Jan 31, 2017

Culturally Responsive Teaching and Social and Emotional Learning Are Insufficient to Address the Academic Deficiencies and Knowledge-Deprivation of Students in the Minneapolis Public Schools


What do these topics from the world of knowledge have in common?

 

>>>>>    The nature of the Big Bang and the approximate age (13.8 billion years) of the universe

 

>>>>>    The evolution of life on earth, including rudimentary life forms, plants and animals, then the sequential presence of Australopithecus, homo habilis, and homo erectus, culminating in the appearance of about 100,000 years ago

 

>>>>>    The anthropological distinction between culture and civilization, with an ability to give salient representations of the first of these on earth

 

>>>>>    Major historical events and civilizations such as those of the Greeks and Romans;  Qin and Han Dynasty China;  the pre-Mughal and Mughal empires of India; the great west African empires of Ghana, Mali, and Songhai;  the key actors and ideas of the Renaissance, Reformation, and Enlightenment

 

>>>>>    The difference in the terms Christian, Protestant and Roman Catholic

 

>>>>>    The ways in which Judaism gave rise to Christianity and Hinduism gave rise to Buddhism

 

>>>>>    The historical and current differences between Shiite and Sunni Muslims

 

>>>>>    The historical currents of West Asia and Central Asia, with specific reference to the nations of Iraq, Syria, and Afghanistan

 

>>>>>    The essential difference in the physics of Isaac Newton and Albert Einstein

 

>>>>>    The difference in the psychological theories and research of Sigmund Freud and B. F. Skinner

 

>>>>>    The difference between federal deficit and debt;  the structure of the U. S. federal budget;  how the latter involves fiscal policy, while the Chair Janet Yellen and the Federal Reserve Board of Governors determine monetary policy, largely independent of the executive and legislative branches

 

>>>>>    How  the Electoral College works

 

>>>>>    The many complex and nuanced meanings of such terms as liberal, conservative, and communist

 

The answer to the questions, “What do these topics from the world of knowledge have in common?,”

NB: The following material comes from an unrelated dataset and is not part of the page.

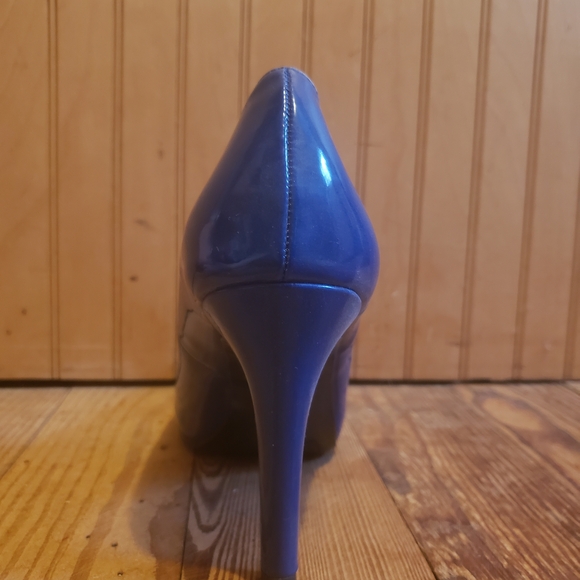 Bandolino Blue Patent Round-Toe Pumps - Picture 5 of 5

could be many;  my emphasis here is that my students in the New Salem Educational Initiative come to me from the Minneapolis Public Schools (MPS) inevitably with little information on any of these topics.  When we read serious magazine, newspaper, and journal articles;  or train to take the ACT;  I have to take great amounts of time teaching mini-courses because my students have learned so little in the abysmal MPS schools.

 

The Culturally Responsive Teaching emphasized by MPS Teaching and Learning Director Macarre Traynham;  and the Social and Emotional Learning stressed by new Superintendent Ed Graff are not ever going to address the sort of knowledge-deficiency exhibited by the students of the Minneapolis Public Schools.

 

We should by all means train our teachers to be culturally knowledgeable and responsive;  and nurture our precious young people to internalize self and mutual respect.

 

But then the goal of an excellent education should be the impartation of vast reams of knowledge so that students go forth to lives of cultural enrichment, civic preparation, and professional satisfaction.

 

Both of my nearly complete books, Fundamentals of an Excellent Liberal Arts Education;  and Understanding the Minneapolis Public Schools:  Current Condition, Future Prospect, are written in response to the terrible quality of education delivered by the Minneapolis Public Schools.

 

The first book provides the liberal arts portion (economics, political science, psychology, world religions, world history, American history, African American history, literature, fine arts, English usage, mathematics, biology, chemistry, and physics) of an excellent education that should across the K-12 years also include the technological and vocational arts.

 

The second exposes the failure of the Minneapolis Public Schools to deliver such an education and provides the philosophical and organizational underpinning that will be necessary to do so.

 

What is at stake is our ability to deliver a favorable answer to another vital question:

 

Will our nation ever be the democracy that we imagine ourselves to be?